The Air Force Appellate Government Division asked the CCA to reconsider its decision in Jeffers, asserting that the CCA applied the wrong standard of review for unreasonable multiplication of charges (the CCA reviewed the unreasonable multiplication de novo, rather than for an abuse of discretion), and also asserting that the CCA’s decision in Chin has no persuasive value.
The CCA granted reconsideration and corrected the standard of review (reaching the same conclusion), but it flatly rejected the Government’s argument that its own decision lacks persuasive value while pending review by CAAF. Chief Judge Allred writes for a three-judge panel, explaining that:
United States v. Chin is an unpublished decision and does not serve as precedent. Before us, the Government now argues that we should ignore the persuasive authority of that decision because it is inchoate due to TJAG’s certificate of review with our superior court. We find the reasoning in Chin persuasive and choose to reference it in this opinion; its value as persuasive authority is not diminished by its inchoate nature.

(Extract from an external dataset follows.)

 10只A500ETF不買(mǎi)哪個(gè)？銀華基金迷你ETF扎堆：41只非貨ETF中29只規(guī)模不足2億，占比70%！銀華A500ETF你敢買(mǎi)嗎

United States v. Jeffers, No. 38654, slip op. at 4 (A.F. Ct. Crim. App. Jan. 28, 2016) (op. on recon.) (link to slip op.).
But the Chief Judge goes even further, suggesting hypocrisy by the Government:
We also reject the Government request to abate these appellate proceedings. We note that we have previously relied on our published appellate decisions as binding precedent, even though inchoate, without objection by the Government. For example, on 26 March 2015, we issued a decision on whether Air Education and Training Command Instruction 36-2909, Professional and Unprofessional Relationships (2 March 2007), was a punitive regulation. United States v. LeBlanc, 74 M.J. 650, 654–56 (A.F. Ct. Crim. App. 2015). The appellant’s petition for review was denied on 6 July 2015. United States v. LeBlanc, 75 M.J. 17 (C.A.A.F. 2015) (mem.). While the LeBlanc decision was inchoate, we relied on it as binding precedent on 9 April 2015 in United States v. Crawford, ACM 38408 (A.F. Ct. Crim. App. 9 April 2015) (unpub. op.). The Government did not object to our relying on this inchoate opinion as binding legal precedent. We cite this example to illustrate that we routinely cite and rely on decisions by this court and our superior court that are inchoate as they are pending further review.
Ironically, both of the Government counsel identified in the CCA’s opinion in Crawford (link to slip op.) are also identified as Government counsel in Jeffers. Though perhaps that’s the Chief Judge’s point.